But it is under increasing pressure from allies, particularly the US, over the unfolding humanitarian catastrophe.

On Thursday Israel’s defence minister, Yoav Gallant, promised to “flood Gaza with aid”, comments that underlined the country’s control of what goes into the strip. Humanitarians have been calling for a “flood of aid” to stave off starvation for weeks.

“It is very clear who is responsible for the siege,” said Juliette Touma, the communications director for the UN agency for Palestinian refugees, Unrwa, which provides most of the food aid into Gaza. “The siege was imposed by the Israeli authorities. It is a political decision, so it can be reversed by another political decision.”
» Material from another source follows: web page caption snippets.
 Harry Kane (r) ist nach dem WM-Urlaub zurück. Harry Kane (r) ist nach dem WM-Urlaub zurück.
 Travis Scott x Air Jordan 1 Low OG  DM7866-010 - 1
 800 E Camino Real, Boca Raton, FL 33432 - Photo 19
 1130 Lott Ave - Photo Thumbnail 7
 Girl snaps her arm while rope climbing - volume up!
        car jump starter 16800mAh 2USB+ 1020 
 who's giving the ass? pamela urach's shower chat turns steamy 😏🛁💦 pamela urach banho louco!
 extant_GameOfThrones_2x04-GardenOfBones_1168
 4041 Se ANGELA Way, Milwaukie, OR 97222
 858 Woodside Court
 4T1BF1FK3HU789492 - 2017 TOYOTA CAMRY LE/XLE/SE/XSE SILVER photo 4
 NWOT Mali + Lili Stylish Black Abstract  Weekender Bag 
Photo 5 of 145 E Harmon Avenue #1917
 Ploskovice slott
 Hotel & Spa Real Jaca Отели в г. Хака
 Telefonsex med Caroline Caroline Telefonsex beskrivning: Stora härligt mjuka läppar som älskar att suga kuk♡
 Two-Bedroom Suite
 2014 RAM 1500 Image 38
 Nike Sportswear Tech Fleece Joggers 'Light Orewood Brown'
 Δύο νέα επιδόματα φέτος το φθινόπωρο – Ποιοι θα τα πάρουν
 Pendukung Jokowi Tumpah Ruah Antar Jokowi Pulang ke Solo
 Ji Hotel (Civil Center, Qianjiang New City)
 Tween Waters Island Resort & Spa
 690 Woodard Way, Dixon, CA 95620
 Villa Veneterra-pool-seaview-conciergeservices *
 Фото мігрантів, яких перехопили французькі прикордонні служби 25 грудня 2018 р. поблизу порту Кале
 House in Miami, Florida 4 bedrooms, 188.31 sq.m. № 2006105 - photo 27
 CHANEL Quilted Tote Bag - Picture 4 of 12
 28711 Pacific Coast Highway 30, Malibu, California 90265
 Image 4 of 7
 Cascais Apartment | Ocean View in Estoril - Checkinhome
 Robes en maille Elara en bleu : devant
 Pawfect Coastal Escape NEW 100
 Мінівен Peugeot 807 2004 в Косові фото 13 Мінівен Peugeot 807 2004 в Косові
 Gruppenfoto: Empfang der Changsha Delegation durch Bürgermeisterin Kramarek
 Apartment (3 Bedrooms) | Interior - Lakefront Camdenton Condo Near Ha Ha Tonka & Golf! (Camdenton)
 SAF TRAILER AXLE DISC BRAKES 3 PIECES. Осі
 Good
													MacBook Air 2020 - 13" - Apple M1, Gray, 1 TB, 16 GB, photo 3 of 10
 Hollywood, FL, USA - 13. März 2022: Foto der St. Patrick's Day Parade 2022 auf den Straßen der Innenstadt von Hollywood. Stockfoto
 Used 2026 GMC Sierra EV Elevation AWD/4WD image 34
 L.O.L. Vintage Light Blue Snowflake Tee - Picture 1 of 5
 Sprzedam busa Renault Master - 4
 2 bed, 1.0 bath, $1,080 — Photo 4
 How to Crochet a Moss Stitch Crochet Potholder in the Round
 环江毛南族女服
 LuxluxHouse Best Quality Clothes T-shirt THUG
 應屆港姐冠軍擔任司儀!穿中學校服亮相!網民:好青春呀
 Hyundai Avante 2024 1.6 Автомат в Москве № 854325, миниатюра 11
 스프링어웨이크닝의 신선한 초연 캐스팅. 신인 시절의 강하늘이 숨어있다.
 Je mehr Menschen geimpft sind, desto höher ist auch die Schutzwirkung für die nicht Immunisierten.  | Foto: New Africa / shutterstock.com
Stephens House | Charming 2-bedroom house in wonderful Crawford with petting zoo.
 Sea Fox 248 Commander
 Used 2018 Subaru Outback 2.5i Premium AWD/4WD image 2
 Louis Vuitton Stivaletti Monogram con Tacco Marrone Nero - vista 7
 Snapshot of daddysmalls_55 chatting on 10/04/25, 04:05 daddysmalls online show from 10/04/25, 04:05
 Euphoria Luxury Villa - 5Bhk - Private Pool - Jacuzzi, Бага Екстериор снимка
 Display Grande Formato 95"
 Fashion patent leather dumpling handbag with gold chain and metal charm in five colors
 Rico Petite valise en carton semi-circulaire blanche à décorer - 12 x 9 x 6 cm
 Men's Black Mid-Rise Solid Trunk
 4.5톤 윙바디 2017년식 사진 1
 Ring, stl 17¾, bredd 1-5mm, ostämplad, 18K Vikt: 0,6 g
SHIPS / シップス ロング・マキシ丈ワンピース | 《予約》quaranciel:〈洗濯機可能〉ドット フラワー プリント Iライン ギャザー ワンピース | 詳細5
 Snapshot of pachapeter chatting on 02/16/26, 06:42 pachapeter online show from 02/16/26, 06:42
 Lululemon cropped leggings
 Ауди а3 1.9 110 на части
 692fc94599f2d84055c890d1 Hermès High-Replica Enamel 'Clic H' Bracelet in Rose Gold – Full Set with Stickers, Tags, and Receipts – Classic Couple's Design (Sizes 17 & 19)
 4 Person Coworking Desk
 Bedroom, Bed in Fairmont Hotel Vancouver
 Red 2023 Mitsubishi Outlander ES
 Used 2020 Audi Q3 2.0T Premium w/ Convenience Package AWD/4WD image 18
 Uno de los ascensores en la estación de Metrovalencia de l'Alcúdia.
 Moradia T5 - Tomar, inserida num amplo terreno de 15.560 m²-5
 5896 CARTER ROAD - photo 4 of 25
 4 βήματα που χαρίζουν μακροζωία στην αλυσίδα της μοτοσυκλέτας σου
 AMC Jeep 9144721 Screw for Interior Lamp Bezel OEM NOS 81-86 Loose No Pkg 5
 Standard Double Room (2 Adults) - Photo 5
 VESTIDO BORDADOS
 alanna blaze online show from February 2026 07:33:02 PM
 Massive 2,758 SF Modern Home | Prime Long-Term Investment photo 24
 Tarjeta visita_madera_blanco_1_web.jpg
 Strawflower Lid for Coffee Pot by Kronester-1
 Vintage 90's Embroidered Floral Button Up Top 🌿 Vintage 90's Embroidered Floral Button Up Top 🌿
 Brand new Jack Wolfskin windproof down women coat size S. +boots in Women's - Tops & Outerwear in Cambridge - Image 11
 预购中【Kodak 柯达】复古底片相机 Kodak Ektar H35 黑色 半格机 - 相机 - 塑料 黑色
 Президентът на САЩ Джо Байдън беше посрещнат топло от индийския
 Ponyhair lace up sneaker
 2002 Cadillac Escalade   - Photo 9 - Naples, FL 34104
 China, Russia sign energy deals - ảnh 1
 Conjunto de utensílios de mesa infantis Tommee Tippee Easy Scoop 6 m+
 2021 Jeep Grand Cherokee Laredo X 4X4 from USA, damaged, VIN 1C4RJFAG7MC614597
One of Netanyahu’s promises to Biden, to open the Ashdod port north of Gaza as a portal to seaborne humanitarian aid, has not yet been acted on, according to Israel’s Coordinator of Government Activities in the Territories (Cogat), a defence ministry unit.

An update on humanitarian aid provided by Cogat showed no customs clearance through Ashdod in the week from 4-10 April. Israel’s N12 channel reported that neither the Israel Defense Forces (IDF), nor the Ashdod port authorities had so far received instructions about opening the facility to shipments bound for Gaza.

Israeli officials had also promised for weeks that a crossing point would be opened into northern Gaza, where starvation is most severe. The new site is by the Mediterranean, near Gaza’s As-Siafa village and kibbutz Zikim, in Israel.

On Thursday the first trucks were allowed through, the Israeli military said. But the UN had not yet been allowed to use it, Touma said.

There is also no target completion date for two other initiatives promised by Israeli officials.

One is a coordination centre where aid agency officials and Israeli commanders are supposed to sit together to make sure that aid missions are not bombed like the World Central Kitchen (WCK) convoy on 1 April, when seven aid workers were killed. On Tuesday a Unicef aid convoy was also hit by live ammunition, a spokesperson said, though no one was injured.

The other is a new security screening centre where trucks of humanitarian assistance heading for northern Gaza can be inspected by Israeli monitors before crossing over.

Even if new crossings open and aid delivery speeds up, Israel appears to be targeting a flow of 500 trucks a day, the amount needed to supply Gaza before the war, when the strip had a functioning economy and agriculture sector.

Now the economy has collapsed, the war has halted agriculture, and more than 2 million people have endured more than six months of food shortages and malnutrition.

“The call for 500 trucks, with a combination of commercial and humanitarian shipments, is the absolute minimum. Probably what Gaza needs is at least 1,000 trucks a day,” said Unrwa’s Touma.

On Wednesday, Samantha Power, the head of the US humanitarian and development agency USAid, became the first American official to confirm publicly that famine had already got a grip in at least some parts of Gaza.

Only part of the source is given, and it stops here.